==== Provided records
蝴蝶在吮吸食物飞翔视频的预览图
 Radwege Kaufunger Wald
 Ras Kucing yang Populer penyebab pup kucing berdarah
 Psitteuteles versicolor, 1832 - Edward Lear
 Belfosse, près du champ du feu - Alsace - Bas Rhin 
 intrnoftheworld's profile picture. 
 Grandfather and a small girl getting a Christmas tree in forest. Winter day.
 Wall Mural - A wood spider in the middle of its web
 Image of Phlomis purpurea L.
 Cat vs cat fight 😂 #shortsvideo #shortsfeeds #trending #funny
========
Work to be completed
Would you write out all the records exactly as they read?

Solution to this task
蝴蝶在吮吸食物飞翔视频的预览图
 Radwege Kaufunger Wald
 Ras Kucing yang Populer penyebab pup kucing berdarah
 Psitteuteles versicolor, 1832 - Edward Lear
 Belfosse, près du champ du feu - Alsace - Bas Rhin 
 intrnoftheworld's profile picture. 
 Grandfather and a small girl getting a Christmas tree in forest. Winter day.
 Wall Mural - A wood spider in the middle of its web
 Image of Phlomis purpurea L.
 Cat vs cat fight 😂 #shortsvideo #shortsfeeds #trending #funny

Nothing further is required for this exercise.